→ **TASK INPUTS**:
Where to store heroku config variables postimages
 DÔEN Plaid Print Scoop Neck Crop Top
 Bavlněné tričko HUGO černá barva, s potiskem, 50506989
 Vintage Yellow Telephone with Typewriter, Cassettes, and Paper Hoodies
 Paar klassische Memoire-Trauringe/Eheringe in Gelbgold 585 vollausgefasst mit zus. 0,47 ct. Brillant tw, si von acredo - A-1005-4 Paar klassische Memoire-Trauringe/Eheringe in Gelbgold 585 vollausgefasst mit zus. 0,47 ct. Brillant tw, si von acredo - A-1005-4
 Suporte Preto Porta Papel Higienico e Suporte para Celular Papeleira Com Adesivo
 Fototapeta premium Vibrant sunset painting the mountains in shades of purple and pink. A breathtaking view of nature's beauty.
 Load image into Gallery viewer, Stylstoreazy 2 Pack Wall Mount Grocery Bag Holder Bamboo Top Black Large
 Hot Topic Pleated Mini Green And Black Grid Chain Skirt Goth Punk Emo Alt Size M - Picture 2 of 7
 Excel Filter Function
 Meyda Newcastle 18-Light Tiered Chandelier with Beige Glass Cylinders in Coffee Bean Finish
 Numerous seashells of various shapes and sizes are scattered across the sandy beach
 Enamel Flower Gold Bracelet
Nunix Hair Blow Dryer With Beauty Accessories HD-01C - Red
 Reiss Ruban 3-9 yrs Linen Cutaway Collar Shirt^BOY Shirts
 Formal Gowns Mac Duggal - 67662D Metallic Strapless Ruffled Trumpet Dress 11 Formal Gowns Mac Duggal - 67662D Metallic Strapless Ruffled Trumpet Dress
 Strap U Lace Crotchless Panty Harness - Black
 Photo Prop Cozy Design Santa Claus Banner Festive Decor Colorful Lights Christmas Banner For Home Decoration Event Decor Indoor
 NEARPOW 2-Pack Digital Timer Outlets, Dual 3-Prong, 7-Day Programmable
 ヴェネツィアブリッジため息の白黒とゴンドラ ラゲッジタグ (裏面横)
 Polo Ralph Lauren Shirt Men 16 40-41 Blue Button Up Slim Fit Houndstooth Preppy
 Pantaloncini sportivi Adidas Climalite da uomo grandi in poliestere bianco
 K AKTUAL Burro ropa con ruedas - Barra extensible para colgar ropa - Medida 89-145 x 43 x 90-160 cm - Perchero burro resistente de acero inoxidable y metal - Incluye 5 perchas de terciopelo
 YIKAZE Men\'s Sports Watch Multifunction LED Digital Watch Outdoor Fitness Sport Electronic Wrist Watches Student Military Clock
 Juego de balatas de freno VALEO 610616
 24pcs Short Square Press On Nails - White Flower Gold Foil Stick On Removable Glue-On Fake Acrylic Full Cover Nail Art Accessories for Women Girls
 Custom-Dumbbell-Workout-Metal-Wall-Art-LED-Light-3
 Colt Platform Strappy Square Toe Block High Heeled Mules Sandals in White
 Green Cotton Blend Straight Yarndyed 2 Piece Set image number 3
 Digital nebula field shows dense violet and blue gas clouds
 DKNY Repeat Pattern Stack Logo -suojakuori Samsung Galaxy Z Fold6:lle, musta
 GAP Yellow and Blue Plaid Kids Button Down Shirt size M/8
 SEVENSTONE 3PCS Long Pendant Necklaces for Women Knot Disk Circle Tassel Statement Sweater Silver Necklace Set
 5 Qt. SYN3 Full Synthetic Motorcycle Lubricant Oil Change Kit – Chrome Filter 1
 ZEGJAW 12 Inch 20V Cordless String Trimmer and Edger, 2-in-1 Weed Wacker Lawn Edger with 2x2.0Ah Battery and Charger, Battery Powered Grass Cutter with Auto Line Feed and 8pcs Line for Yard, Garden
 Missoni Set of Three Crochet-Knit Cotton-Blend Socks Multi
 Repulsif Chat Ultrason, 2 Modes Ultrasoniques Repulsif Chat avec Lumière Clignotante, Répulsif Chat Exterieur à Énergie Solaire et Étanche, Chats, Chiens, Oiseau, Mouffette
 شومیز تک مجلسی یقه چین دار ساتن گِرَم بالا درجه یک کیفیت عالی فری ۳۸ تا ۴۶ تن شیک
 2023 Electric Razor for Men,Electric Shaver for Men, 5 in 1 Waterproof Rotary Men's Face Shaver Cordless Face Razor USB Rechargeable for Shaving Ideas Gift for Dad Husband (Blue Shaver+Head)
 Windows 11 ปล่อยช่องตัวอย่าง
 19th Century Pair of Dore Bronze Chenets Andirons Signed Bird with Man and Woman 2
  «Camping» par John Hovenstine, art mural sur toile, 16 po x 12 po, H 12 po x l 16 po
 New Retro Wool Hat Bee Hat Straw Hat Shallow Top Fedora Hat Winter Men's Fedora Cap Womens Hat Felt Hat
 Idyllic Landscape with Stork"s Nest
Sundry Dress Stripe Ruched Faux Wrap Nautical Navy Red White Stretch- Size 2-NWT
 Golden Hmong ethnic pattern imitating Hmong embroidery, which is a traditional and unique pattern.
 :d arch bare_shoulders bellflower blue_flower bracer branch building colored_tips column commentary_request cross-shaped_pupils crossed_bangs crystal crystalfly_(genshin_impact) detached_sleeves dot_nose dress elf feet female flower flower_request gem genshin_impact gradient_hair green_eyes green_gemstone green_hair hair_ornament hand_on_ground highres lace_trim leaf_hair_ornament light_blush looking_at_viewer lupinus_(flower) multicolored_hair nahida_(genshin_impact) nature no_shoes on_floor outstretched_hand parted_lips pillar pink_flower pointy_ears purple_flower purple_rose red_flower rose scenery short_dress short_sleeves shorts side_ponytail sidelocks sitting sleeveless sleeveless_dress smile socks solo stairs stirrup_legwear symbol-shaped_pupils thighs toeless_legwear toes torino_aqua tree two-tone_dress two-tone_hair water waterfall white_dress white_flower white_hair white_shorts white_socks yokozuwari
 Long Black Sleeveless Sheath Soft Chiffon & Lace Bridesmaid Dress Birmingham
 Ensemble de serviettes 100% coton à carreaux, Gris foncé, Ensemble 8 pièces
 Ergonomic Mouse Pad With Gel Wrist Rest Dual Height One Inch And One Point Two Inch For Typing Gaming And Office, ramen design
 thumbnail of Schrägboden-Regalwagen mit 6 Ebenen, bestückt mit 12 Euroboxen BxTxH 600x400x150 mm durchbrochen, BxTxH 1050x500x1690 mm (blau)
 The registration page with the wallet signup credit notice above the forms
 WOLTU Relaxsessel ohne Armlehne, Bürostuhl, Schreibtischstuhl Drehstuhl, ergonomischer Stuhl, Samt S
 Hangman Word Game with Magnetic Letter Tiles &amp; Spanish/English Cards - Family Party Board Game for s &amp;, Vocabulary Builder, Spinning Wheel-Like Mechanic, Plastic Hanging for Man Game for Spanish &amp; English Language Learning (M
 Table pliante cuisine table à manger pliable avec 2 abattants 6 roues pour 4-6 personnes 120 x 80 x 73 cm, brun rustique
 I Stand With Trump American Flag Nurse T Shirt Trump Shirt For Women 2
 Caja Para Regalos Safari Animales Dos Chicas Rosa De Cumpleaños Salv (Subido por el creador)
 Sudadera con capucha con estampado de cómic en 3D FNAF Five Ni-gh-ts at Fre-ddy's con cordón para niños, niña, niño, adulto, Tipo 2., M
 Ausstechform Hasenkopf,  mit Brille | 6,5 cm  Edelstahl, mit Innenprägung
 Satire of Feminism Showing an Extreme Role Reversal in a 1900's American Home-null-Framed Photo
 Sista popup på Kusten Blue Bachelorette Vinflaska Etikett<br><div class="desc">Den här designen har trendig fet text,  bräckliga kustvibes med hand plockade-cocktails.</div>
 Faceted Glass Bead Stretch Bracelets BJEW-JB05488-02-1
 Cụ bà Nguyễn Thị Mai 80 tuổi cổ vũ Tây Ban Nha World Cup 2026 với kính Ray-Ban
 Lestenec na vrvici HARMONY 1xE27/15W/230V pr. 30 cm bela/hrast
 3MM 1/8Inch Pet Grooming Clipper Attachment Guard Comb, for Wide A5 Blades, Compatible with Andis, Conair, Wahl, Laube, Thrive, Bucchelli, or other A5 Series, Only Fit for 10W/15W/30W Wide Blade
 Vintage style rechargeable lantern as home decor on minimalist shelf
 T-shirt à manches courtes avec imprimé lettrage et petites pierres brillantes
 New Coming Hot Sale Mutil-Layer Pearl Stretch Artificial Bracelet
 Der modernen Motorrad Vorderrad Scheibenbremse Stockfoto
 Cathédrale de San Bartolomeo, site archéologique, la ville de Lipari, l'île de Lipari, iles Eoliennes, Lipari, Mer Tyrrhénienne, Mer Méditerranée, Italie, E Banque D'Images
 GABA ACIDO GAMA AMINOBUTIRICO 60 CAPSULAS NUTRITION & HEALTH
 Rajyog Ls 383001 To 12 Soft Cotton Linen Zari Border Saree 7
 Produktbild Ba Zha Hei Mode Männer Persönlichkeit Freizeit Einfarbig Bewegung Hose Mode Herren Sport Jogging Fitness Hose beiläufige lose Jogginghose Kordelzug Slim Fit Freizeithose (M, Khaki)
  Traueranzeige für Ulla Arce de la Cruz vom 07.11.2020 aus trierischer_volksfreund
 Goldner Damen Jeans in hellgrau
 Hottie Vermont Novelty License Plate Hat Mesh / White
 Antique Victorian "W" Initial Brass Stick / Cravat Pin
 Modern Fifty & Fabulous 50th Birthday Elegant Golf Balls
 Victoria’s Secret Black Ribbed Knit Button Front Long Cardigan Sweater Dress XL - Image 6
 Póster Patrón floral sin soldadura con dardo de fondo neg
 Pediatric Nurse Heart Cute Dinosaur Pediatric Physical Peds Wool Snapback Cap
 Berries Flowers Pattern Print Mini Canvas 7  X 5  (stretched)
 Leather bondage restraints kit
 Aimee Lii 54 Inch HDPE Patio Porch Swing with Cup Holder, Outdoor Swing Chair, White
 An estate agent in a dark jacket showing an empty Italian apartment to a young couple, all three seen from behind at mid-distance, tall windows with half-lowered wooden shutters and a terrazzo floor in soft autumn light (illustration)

→ **REQUIREMENT**: Show me each line of the listing above with "Fitness" in it.

→ **WRITTEN SOLUTION**:
 YIKAZE Men\'s Sports Watch Multifunction LED Digital Watch Outdoor Fitness Sport Electronic Wrist Watches Student Military Clock
 Produktbild Ba Zha Hei Mode Männer Persönlichkeit Freizeit Einfarbig Bewegung Hose Mode Herren Sport Jogging Fitness Hose beiläufige lose Jogginghose Kordelzug Slim Fit Freizeithose (M, Khaki)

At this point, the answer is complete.